Based on what we learn from economics class, good economic governance and investments in human capital are key factors in developing into a rich country. In fact, it has become a primary responsibility for poor countries. Also, many people believe that culture is a significant factor to economic development. Thus, people predict that some countries are poor because they lack cultural traits – not proficient in responding to economic opportunities. “The average level of human capital in the form of occupational skills or education in a society can obviously influence the level of its per capita income.” In order to produce continuous growth, there must be a factor or a combination of factors that can be collected indefinitely without diminishing returns. Olson points out that since life is limited; there is a maximum limit to the amount of human capital that can be accumulated. Therefore, while increasing human capital may be able to lengthen the duration of the transition period in the growth model, human capital accretion cannot be the basis of perpetual growth.
We often make an assumption that overpopulation, low ratio of land and other natural resources to population increases the poverty in the poor countries. A simple model tells us that a continuous incentive for the poor to migrate to the rich countries will reduce the differentiation in incomes. And if the lack of land or overpopulation is crucial, certain countries like Ireland should have experienced rapid growth of per capita income – also resulting in the end of outmigration. But as we see in Olson’s essay, these countries are still experiencing outmigration and its level of per capita income is still lower than those wealthy countries (where everyone migrates to). Essentially, the economic concepts and models of these factors contradict the results happening in the world.

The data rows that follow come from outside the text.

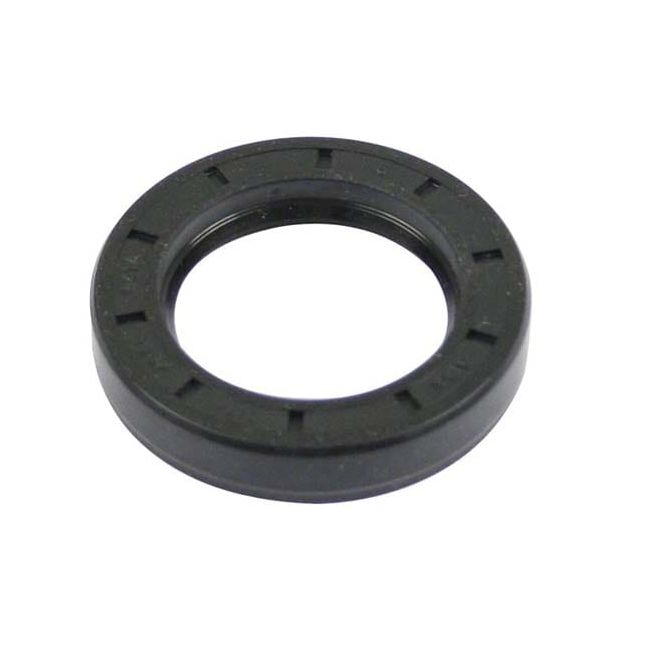 Front Wheel Bearing Grease Seal Fits VW Bug 1954-1965 | 111405641A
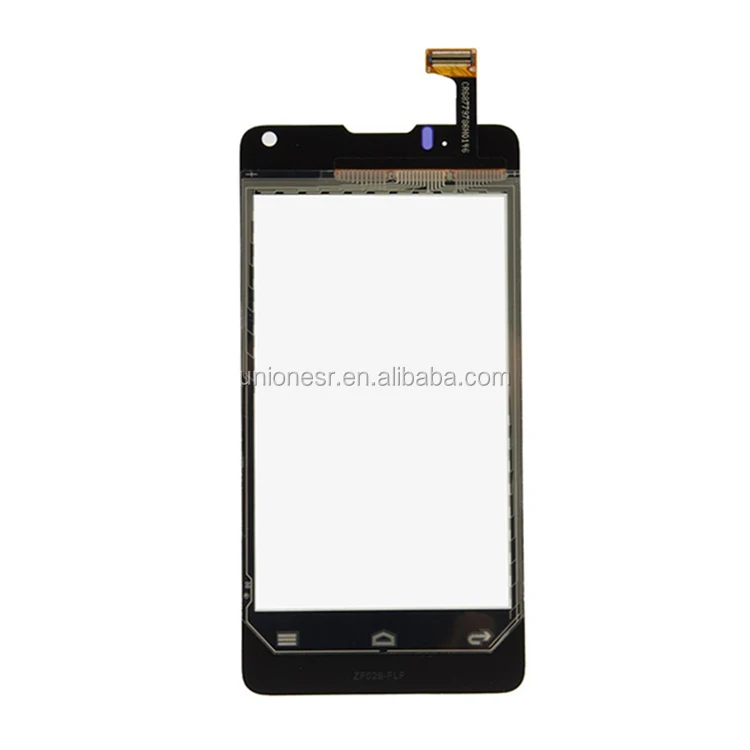 For Huawei Y300 Touch Screen Digitizer Glass Factory Price Lcd Touch Screen Digitizer For Huawei Ascend Y300 Buy For Huawei Y300 Touch Screen Digitizer Glass Lcd Touch Screen Digitizer For Huawei Ascend Y300 For [ 750 x 750 Pixel ]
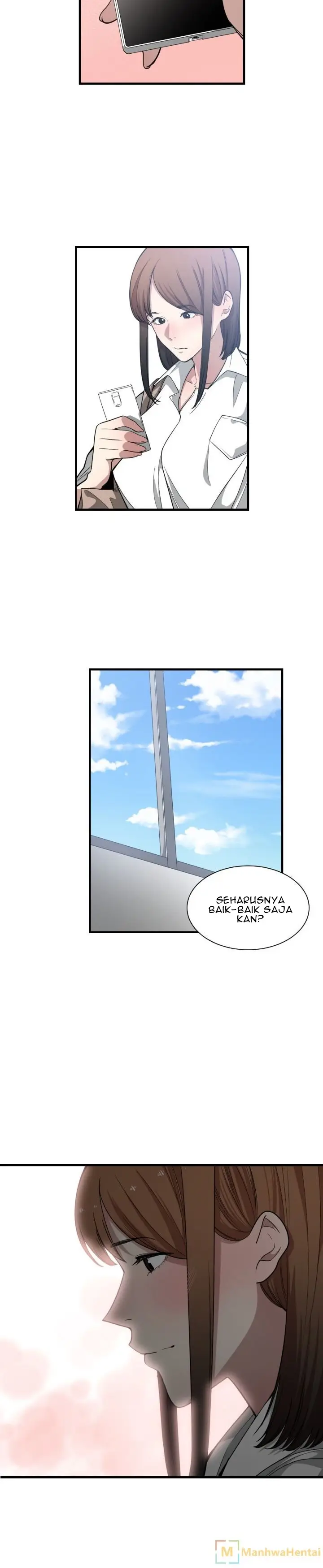 image-komik-kamu-bukan-spesial-chapter-17-3/22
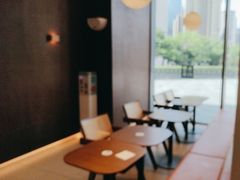 -奈雪的茶(南山大冲一期店)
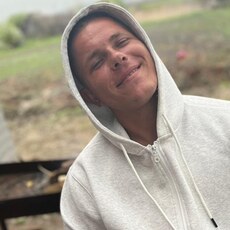 Фотография мужчины Максим, 26 лет из г. Новошахтинский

The answer to the differences in rich and poor countries is the quality of the countries institutions and economic policies. Studies today observe that the fastest-growing countries are never the countries with the highest per capita incomes but always a subset of the lower-income countries. However, low income countries tend to struggle and fail to grow more rapidly than high-income countries: but a subset of the lower income countries show a fast pace in economic growth. If poor countries can create fine economic policies and institutions, they will be able to raise their per capita incomes by investment in technology and other elements in developing the economic growth. There are still big bills that are left on the sidewalks to pick up.